Monaco-Matin

Le mensonge d’une crèche devant la cour d’appel

Un nourrisson qui tombe sur le crâne d’un mètre de hauteur. La vérité cachée aux parents. L’affaire de la micro-crèche Les Copains d’Arthur, de Mougins, était rejugée à Aix-en-Provence

- GRÉGORY LECLERC gleclerc@nicematin.fr

L’affaire avait fait grand bruit. Elle posait en effet la question du lien de confiance entre les dirigeants et salariés d’une crèche d’un côté, et les parents de l’autre. Le 8 octobre 2015, une salariée de la micro-crèche privée Les Copains d’Arthur à Mougins avait, lors d’un instant d’inattentio­n, laissé tomber Taïg, un nourrisson de huit mois, d’une table à langer, et d’une hauteur d’un mètre. Les secours n’avaient pas été prévenus malgré une chute sur le crâne. S’en était suivi un incroyable secret (lire ci-dessus). L’affaire était rejugée en appel avant-hier à Aix-en-Provence. Le couple – Laetitia Croci, directrice générale, et Richard Krystafiak, président de la structure – avait été condamné à neuf mois avec sursis en première instance, cinq ans d’interdicti­on de gérer et 10 000 euros d’amende chacun. L’avocat général a requis les mêmes peines. Il a, en revanche, réclamé une requalific­ation des faits pour Carole Briffaut, la salariée responsabl­e, estimant qu’il n’y avait pas de règlement imposant une obligation particuliè­re de sécurité. Elle risque au maximum 1500 euros d’amende. La crèche Les Copains d’Arthur a depuis été revendue pour la somme de 400 000 euros.

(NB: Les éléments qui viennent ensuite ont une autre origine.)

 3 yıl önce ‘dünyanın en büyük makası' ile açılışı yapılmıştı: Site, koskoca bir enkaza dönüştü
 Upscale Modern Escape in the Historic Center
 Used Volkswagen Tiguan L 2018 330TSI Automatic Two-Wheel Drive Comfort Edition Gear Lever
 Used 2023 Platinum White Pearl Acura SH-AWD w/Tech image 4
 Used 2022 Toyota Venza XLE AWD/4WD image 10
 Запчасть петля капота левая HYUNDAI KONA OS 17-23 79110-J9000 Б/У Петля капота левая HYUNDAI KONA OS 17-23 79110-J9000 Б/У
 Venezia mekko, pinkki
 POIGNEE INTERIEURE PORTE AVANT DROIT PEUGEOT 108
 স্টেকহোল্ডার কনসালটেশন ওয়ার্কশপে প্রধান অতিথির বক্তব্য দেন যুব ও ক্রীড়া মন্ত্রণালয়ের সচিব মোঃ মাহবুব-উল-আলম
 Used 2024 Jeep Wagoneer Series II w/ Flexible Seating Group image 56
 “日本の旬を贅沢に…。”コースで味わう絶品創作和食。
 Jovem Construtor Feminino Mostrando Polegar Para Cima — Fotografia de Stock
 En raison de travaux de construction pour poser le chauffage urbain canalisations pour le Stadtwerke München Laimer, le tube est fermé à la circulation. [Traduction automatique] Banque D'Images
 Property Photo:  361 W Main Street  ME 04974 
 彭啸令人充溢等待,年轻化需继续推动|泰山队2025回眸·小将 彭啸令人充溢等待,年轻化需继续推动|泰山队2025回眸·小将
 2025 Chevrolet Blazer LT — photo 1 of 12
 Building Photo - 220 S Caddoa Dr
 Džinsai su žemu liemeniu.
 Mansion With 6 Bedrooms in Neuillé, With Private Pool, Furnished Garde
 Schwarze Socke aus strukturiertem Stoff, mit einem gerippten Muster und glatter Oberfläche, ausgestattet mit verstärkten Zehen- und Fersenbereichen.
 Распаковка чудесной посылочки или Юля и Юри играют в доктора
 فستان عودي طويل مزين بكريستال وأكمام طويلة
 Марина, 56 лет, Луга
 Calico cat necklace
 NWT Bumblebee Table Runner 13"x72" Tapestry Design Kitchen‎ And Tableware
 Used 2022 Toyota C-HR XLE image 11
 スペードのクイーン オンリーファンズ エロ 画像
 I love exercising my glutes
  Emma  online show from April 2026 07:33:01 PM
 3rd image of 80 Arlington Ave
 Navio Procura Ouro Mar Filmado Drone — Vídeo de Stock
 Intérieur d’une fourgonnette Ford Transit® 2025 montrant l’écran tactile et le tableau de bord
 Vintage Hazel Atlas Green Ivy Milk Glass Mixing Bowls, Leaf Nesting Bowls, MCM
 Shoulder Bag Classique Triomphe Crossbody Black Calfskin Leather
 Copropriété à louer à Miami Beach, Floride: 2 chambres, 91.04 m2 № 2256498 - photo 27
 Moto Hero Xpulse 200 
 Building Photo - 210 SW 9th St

« Quelques jets de stress »

Fabien Rovera et Maud Lambert, les parents de Taïg, sont ressortis épuisés mais soulagés de l’audience. « Nous avons de nouveau pris quelques jets de stress. Revivre cela, c’est dur. Notre enfant va bien heureuseme­nt, mais il est difficile d’entendre ces dirigeants continuer à fuir leurs responsabi­lités. Taïg aurait pu mourir dans la nuit, le lendemain ou deux semaines plus tard. » Me Valérie Cunha, leur conseil du barreau de Nice, va à l’encontre de l’interpréta­tion de l’avocat général sur la salariée responsabl­e de la chute : « Son geste est, à mon sens, une violation d’une obligation de sécurité qui découlait des obligation­s de sécurité du Code civil. » Fait d’audience étonnant, l’avocat général a confié avoir vécu la même situation à titre personnel, son nourrisson étant tombé de la table à langer. Il a tout de même précisé l’avoir emmené immédiatem­ent chez le médecin ce qui ne fut pas le cas à la crèche. Pour Me Dominique Romeo du barreau de Grasse, avocat de Laetiti Croci, cette audience était plus « apaisée » qu’en première instance. « La cour d’appel a étudié l’affaire sous l’angle de l’analyse des faits et du droit. » Pour Me Pascal Roubaud, avocat marseillai­s de Richard Krystafiak, l’avocat général a en quelque sorte « alourdi les réquisitio­ns » en allégeant la responsabi­lité

de la salariée fautive. « La salariée, qui voit et entend la chute sur le crâne, s’en tire avec au maximum 1 500 euros d’amende et les gérants auxquels on a menti, qui n’ont jamais connu les conditions précises de la chute, on leur demande beaucoup plus. On estime que parce qu’ils sont les dirigeants, leur responsabi­lité pénale doit être plus importante. Cela va à l’encontre du droit pénal et de la responsabi­lité individuel­le. » L’affaire a été mise en délibéré au 24 octobre.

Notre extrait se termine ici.